This doesn't help. If the email address check says the address has been exposed it doesn't tell you which password that was used together with that has been exposed.
Was it one from 10 years ago you don't even remember? Or that's still actively in use? Which one of my hundreds of passwords?
Doesn't help. Some accounts are old and may not be in my current PW DB. Or they were memorized, or forgotten.
If the thing suggests the EMAIL (+ associated password) has been compromised for some unknown account then to do a risk assessment I would have find which account it belongs to, not which currently-in-use passwords match the same datasets.
Those are different queries, providing different bits of information.
Here's what I'm suggesting: query all your current passwords against the password API. Then you'll know which of your current password are compromised. Change them.
You don't need to query old passwords, only current passwords. If you're talking about accounts that you've forgotten the password to: then do you care about those accounts? If yes, probably best to do a password reset and set a new password. If you don't care about the account, then why bother?
As for why HIBP doesn't provide an API linking passwords to emails: HIBP has no database that links passwords and emails. So they can't provide any way to query that. They don't want to be in the business of linking passwords to emails.
Spaces are skewing the numbers lower. Remove them from any of those and see the number increase at least an order of magnitude. That “let me login” goes from 0 to 4,714 just by removing spaces (“letmelogin”).
You can check against the API with just the first characters of your hashed password (SHA-1 or NTLM), for example: https://api.pwnedpasswords.com/range/21BD1 or you can download the entire dataset.
It's not a database, it's just files. And they are hosted by Cloudflare so they can cope with a lot of downloads.
I think he should make the files smaller my removing the second half of the hashes, i.e. reduce it from 40 hex digits to 20. This increases the change of a false positive (i.e. I enter my password, it says it was compromised but it wasn't, it just has the same hash as one that did) from 1 in 10^48 to 1 in 10^24 (per password), but that's still a huge number. (There's less than 10^10 people in the world, they only have a few passwords each).
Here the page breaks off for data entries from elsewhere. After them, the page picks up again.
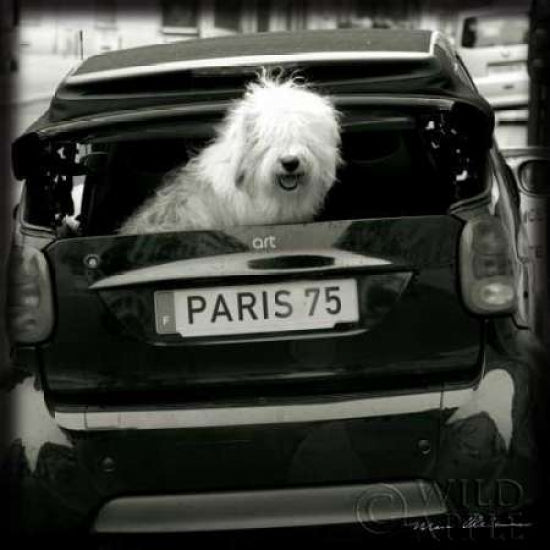 Paris Dog I Poster Print by Marc Olivier-VARPDX5557 Image 1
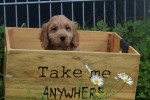 Cockapoo (teef) 72991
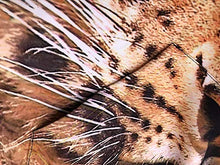 Load image into Gallery viewer, Leopard Print 3D Hoodie for Women Men, Sweatshirt Cartoon Clothes with Pockets 3D Pullover Hoodie (Leopard, L/XL)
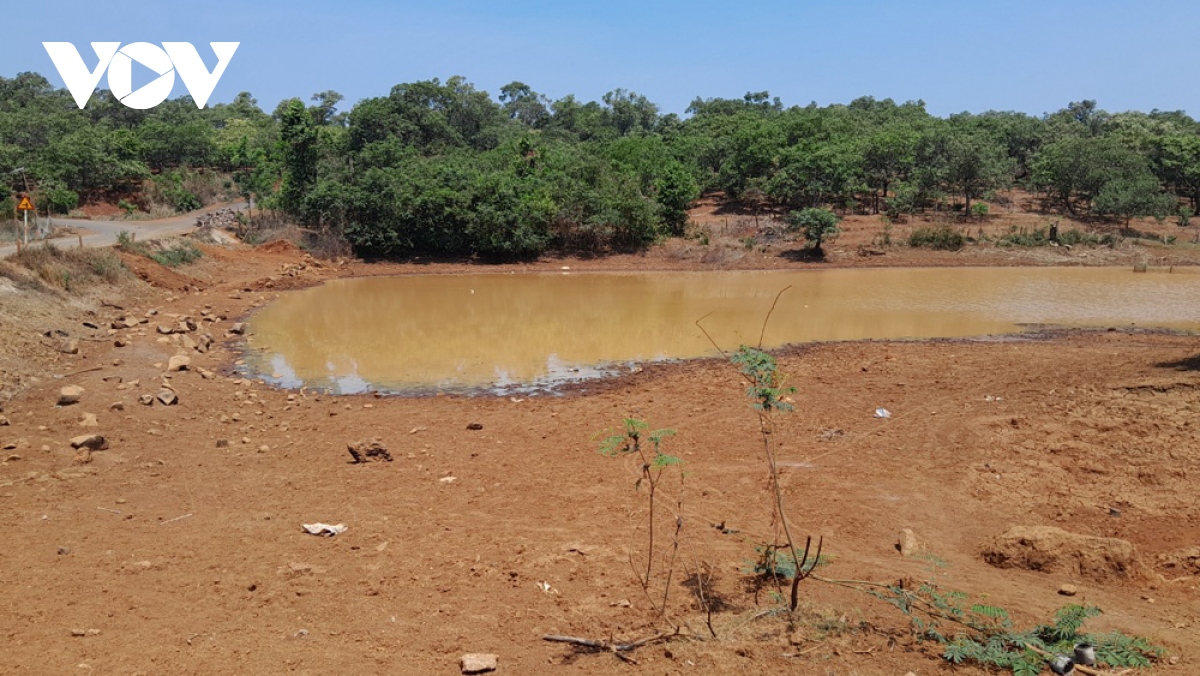 Hơn 10.170 ha cây trồng ở Bình Phước thiếu nước tưới, người dân lo mất mùa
This will approximately halve the download, maybe more because the first half of each hash is more compressible (when sorted) the second half is totally random.
> You are being purposefully obtuse here. HIBP is a very, very well established site with a long history of operating in good faith.
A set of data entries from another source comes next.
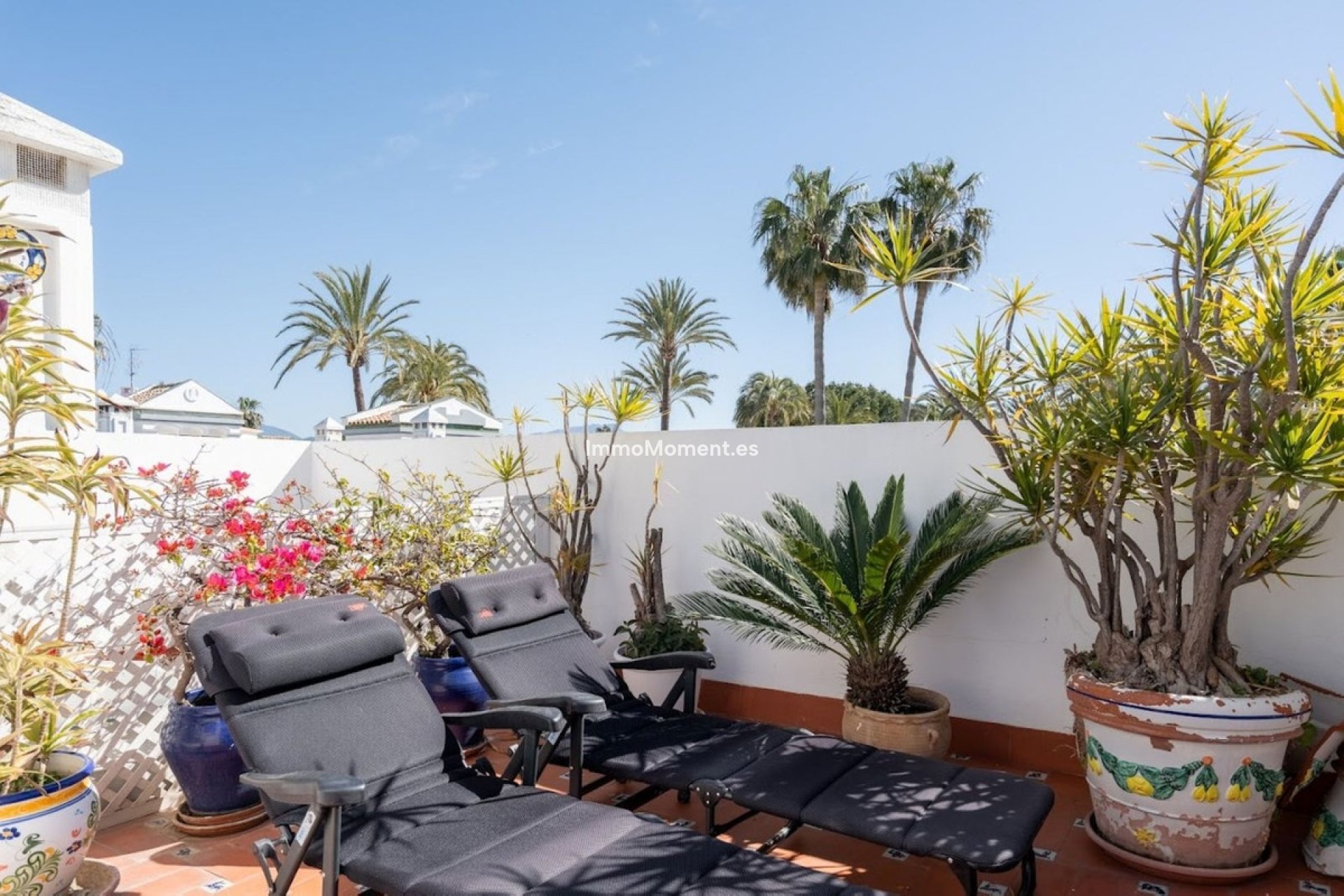 Revente - Maison mitoyenne - Estepona  - New Golden Mile
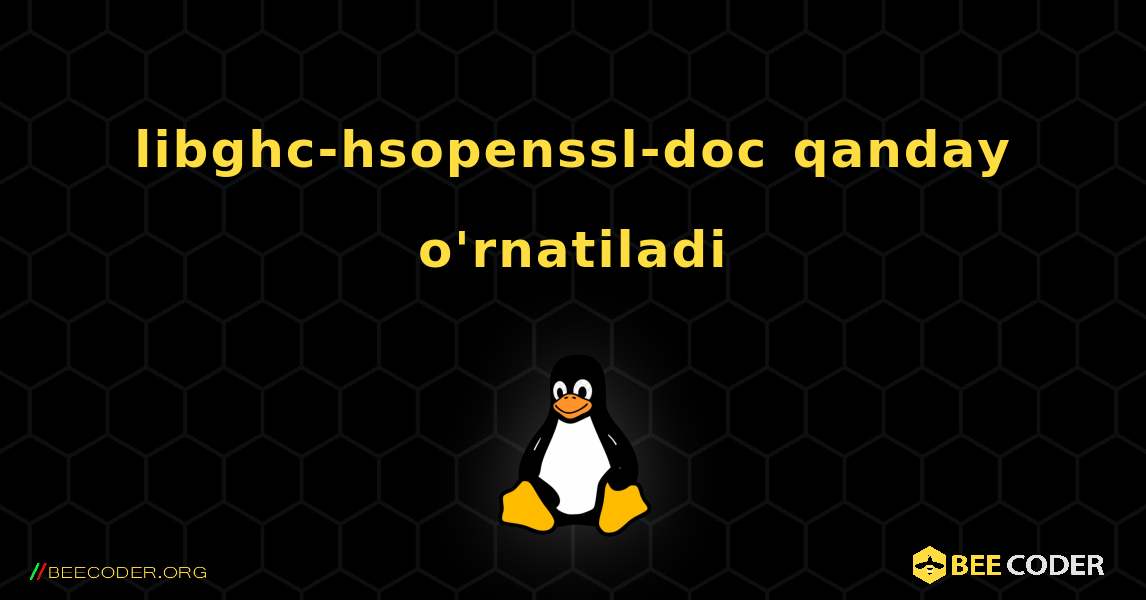 libghc-hsopenssl-doc  qanday o'rnatiladi. Linux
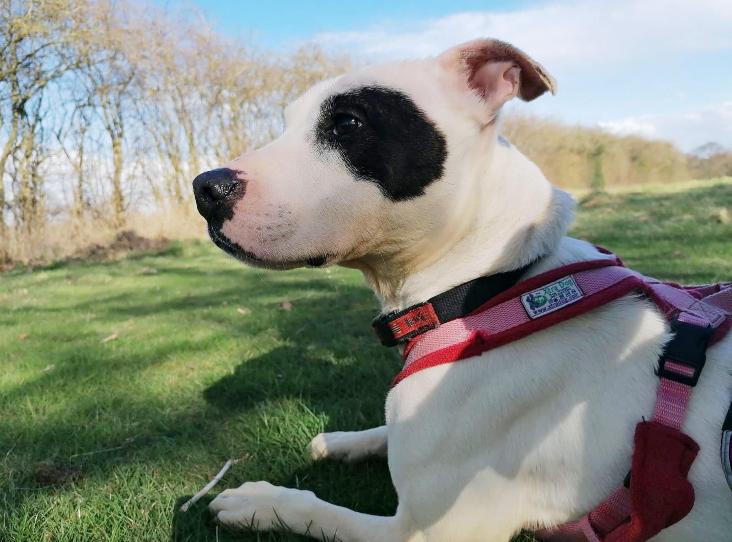 Animal Adoptions UK 🐕‍🦺🐈🐎❤️ tweet media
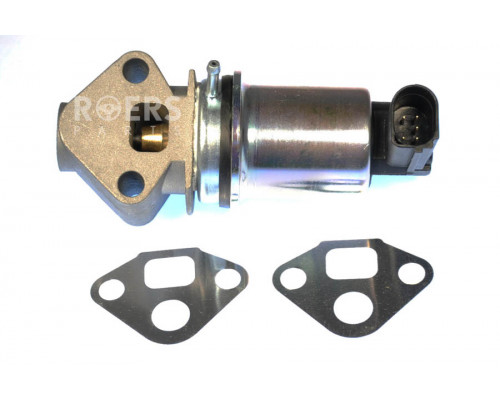 RP06A131501N Roers-Parts Клапан рециркуляции выхлопных газов RP06A131501N Roers-Parts Клапан рециркуляции выхлопных газов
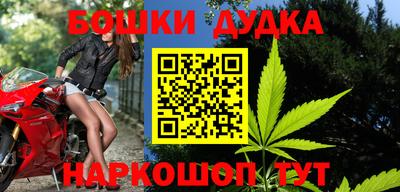 СК Новодвинск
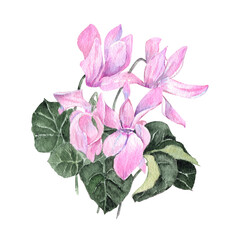 Cyclamen flowers illustration. Pink watercolor  flowers. Isolated on white background. Hand drawn painting.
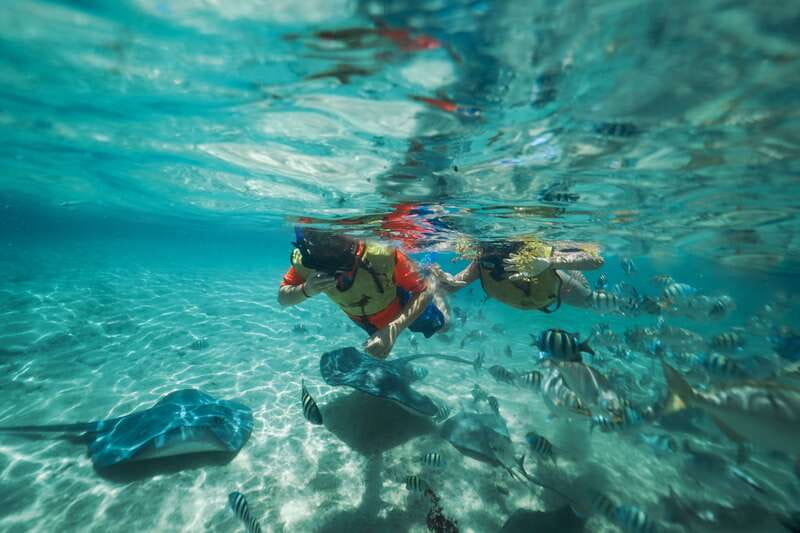 Cozumel: Snorkel and Swim with Stingrays - Key points to know before you go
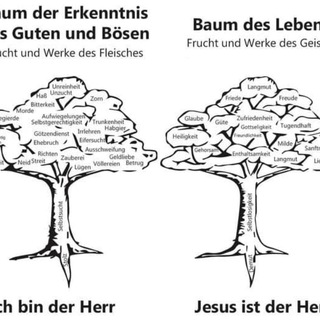 Telegram profile photo for 8️⃣🛁&🌳 Rechtswahl: Verstehen und Handeln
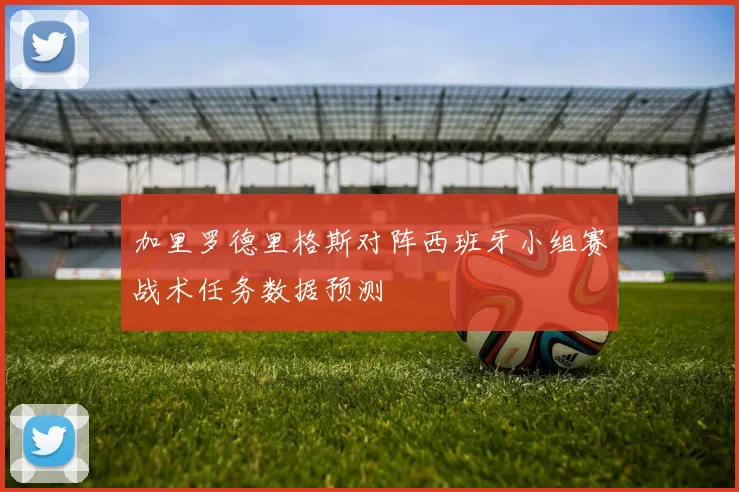 加里罗德里格斯对阵西班牙小组赛战术任务数据预测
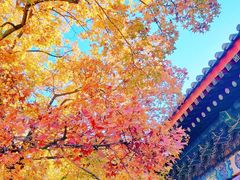 -香山公园-东宫门售票处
Allowing people to query and someone downloading the entire dataset is normally considered abuse, so being blocked is the expectation here. You're so dense you're bending light around you.
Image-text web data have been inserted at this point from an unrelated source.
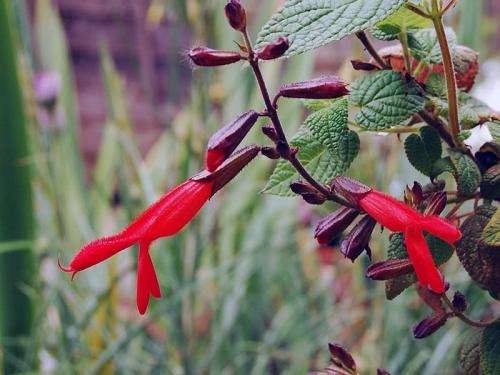 Сальвия сверкающая и мучнистая: как вырастить красавицу на вашем участке 01 Сальвия сверкающая и мучнистая: как вырастить красавицу на вашем участке 01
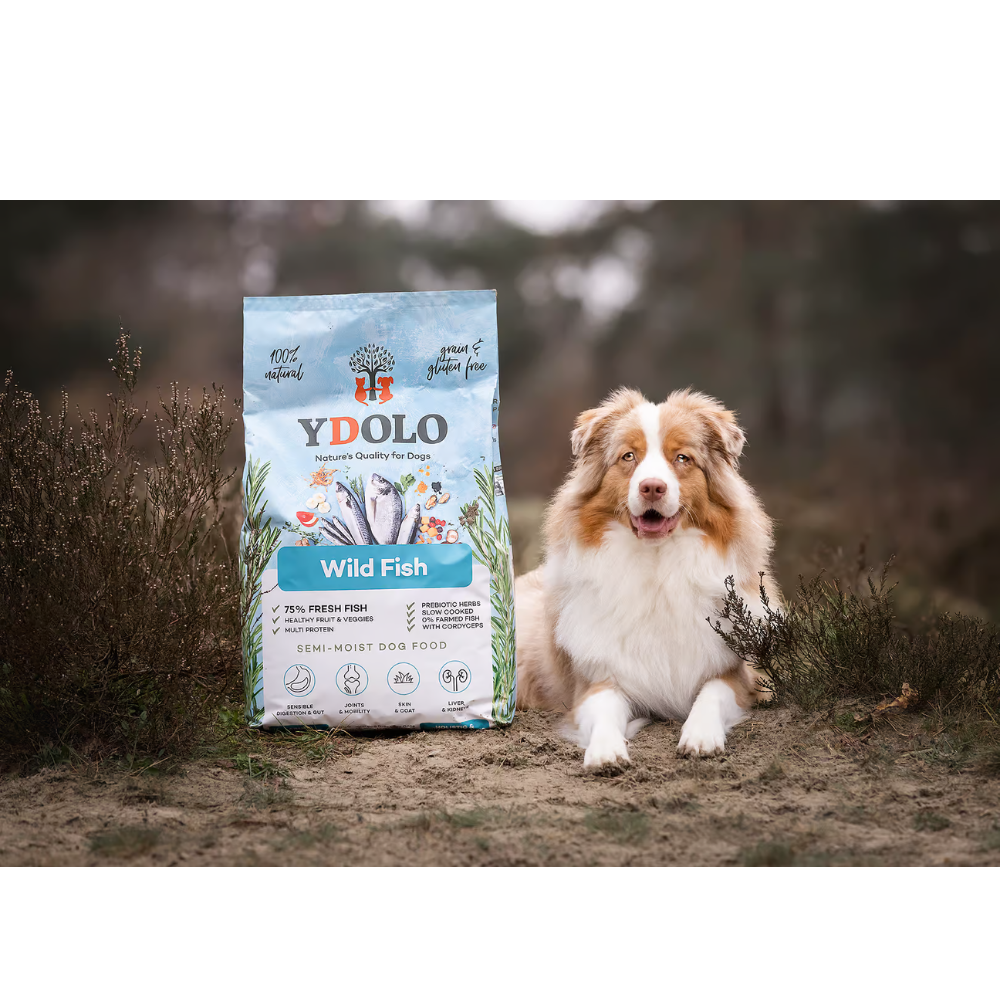 YDOLO Healthy & Pure Wild Fish – Semi-Moist Hondenvoer 2,5 & 10 kg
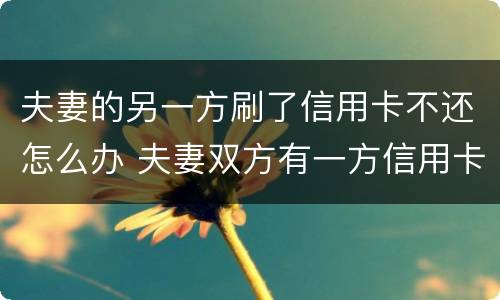 夫妻的另一方刷了信用卡不还怎么办 夫妻双方有一方信用卡还不上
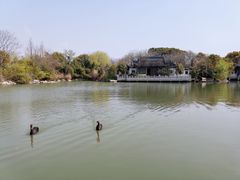 -无锡蠡湖国家湿地公园-蠡园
I remember when I was searching the file for some passwords my friends and family use, it took me a while to work out that number too. There are some passwords that many people seem to independently come up with and think must be reasonably secure. I suppose they are to the most basic of attacks.
HaveIBeenPwned has been around for ages and it does not send your password to the server - you can check it with the browser console. It hashes it, sends a range of the hash to the server, server replies with a list of hashes that match that range and it's checked locally for a match.
Still, I would not trust that. The password could be leaked through other means, for example by setting a timer, and exfiltrating fragments of it across future requests.
The website loads some external fonts and spits out many warnings in the console by default. Does not instill confidence in the truly paranoid hacker.
I was going to provide my passwords to any random person on the internet, Troy Hunt might be close to the top of the list, but I think your sentiment is sensible.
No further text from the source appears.